阪神をめぐってはシーズン開幕前の3月、藤浪晋太郎投手(26)ら3選手がプロ野球選手として初めて新型コロナに感染したことが発覚。シーズン中の9月下旬には、糸原健斗内野手(27)ら5選手とスタッフ4人の感染が明らかになった。
9月19日に遠征先の名古屋市内の飲食店で、内規で定めた上限(4人)を上回る8人で選手らが会食していたことも判明。阪神は濃厚接触者を合わせて10選手の一軍選手登録を抹消、9選手を昇格させるなど対応に追われた。
こうした事態を受けて、親会社である阪急阪神ホールディングス(HD)の角和夫代表取締役グループCEOが「何らかのケジメが必要」と発言。厳しい処分を示唆していた。
阪神では平成16年、日本学生野球憲章違反であるドラフト候補への現金授与が発覚したのを受けて、球団社長が引責辞任した事例がある。ただ、ある球界関係者は今回の騒動について「選手が内規に違反したのは事実だが、球団トップが辞任するほどなのか」と疑問を呈する。
阪神球団は、平成18年に親会社だった阪神電気鉄道が阪急HDと経営統合して以降も、阪神系が球団社長に就いていた。この球界関係者は「(今回の辞任の)背景には阪神系と阪急系の争いもあるのでは」と推測した。
学校での感染でも批判
新型コロナでクラスター(感染者集団)が発生したことで謝罪に追い込まれたり、批判を浴びるケースはほかにも起きている。
立正大淞南高(松江市)では8月、サッカー部の寮を中心に生徒や教員ら100人を超える感染者が確認された。校長は「生徒の落ち度ではなく、学校としての感染症対策の不備に起因している」と謝罪したが、同校への批判が過熱し、生徒らの写真がインターネット上に無断で掲載される事態に発展した。

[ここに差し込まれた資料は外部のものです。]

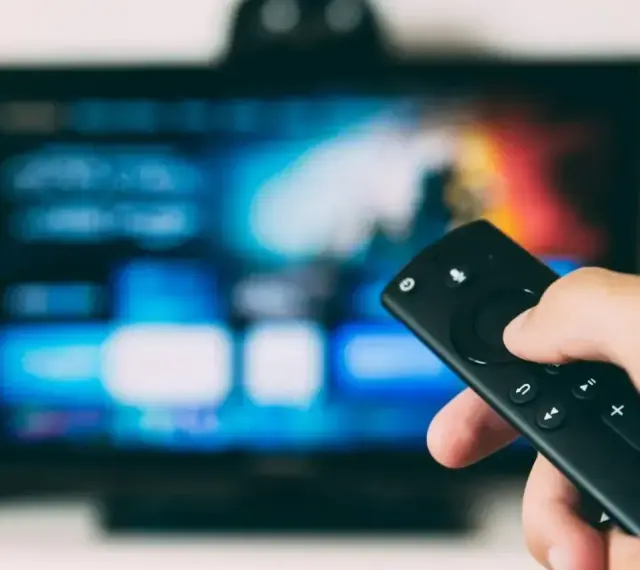 Dłoń trzymająca pilot do telewizora LG, ekran pokazuje menu. Dowiedz się, jak wyłączyć lektora w telewizorze LG.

島根県は「人権侵犯のおそれがある」として松江地方法務局に通報。丸山達也知事が「誤解に基づく非難は許されない」と述べたほか、サッカー元日本代表の本田圭佑選手もツイッターで「コロナ感染に関して謝罪する必要なんてないよ」と学校側を擁護するメッセージを投稿した。

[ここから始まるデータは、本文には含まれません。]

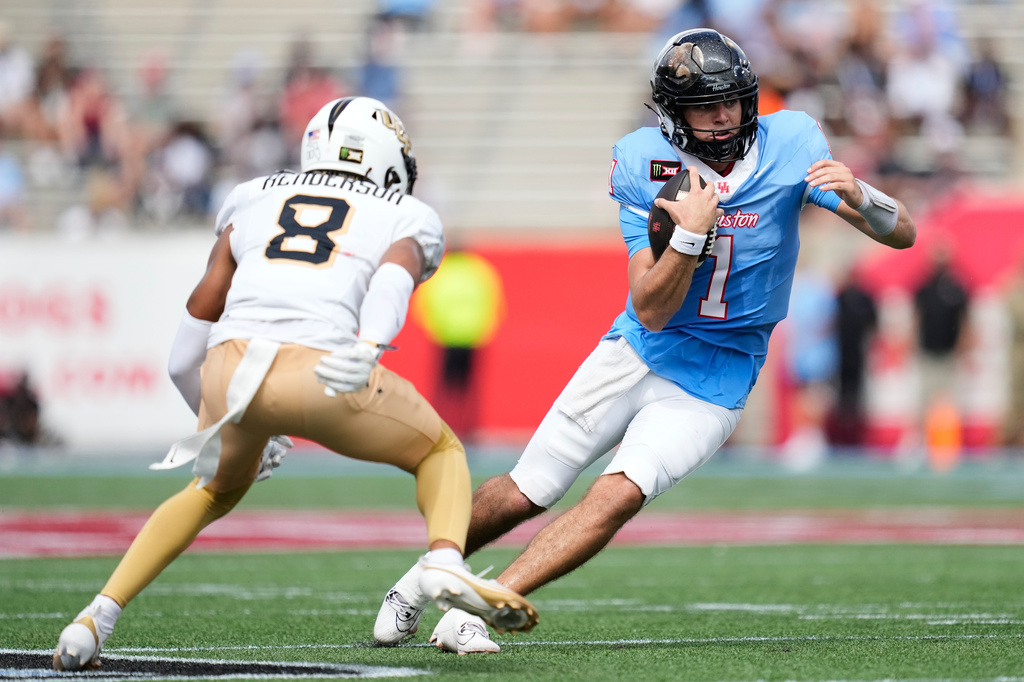 Houston quarterback Conner Weigman (1) runs the ball against UCF defensive back Demari Henderson (8) during the first half of an NCAA college football game in Houston, Saturday, Oct. 3, 2026. (AP Photo/Ashley Landis)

ラグビー部でクラスターが発生した天理大(奈良県天理市)でも、大学などに謝罪を求める電話やメールが殺到。教育実習先が同大からの学生の受け入れを一時拒否するなど、波紋が広がった。
冷静な対応を
こうしたコロナ感染をめぐる批判や謝罪について、新潟青陵大大学院の碓井真史教授(社会心理学)は「日本の『謝罪文化』がコロナの感染拡大を経て、微妙に変質し、崩れつつある」と指摘する。
碓井教授によると、日本では自分に直接の責任がない問題についても「この度はご迷惑をおかけして申し訳なかった」などと謝る傾向があるが、こうした謝罪に対しては「いえいえ、あなたのせいではありませんから」と、「許し」を与えるのが前提。
だが、コロナ禍で「謝罪は当然」という雰囲気が世の中を覆い、「マスク着用の有無など、本来なら自己の判断に委ねられるマナーも他人に要求するのが当然、という雰囲気ができてしまっている」という。
球団社長が辞任した阪神のケースについては「不安を鎮めるため、有効性の有無に関わらず、何かしらの行動を起こしたと見せるためだったのでは」と分析。その上で「(今回の辞任が)部下の感染に上司が責任を取るという、変な前例になっては困る。当初よりもコロナとの付き合い方も分かってきており、落ち着きを取り戻すべきだ」と呼び掛けている。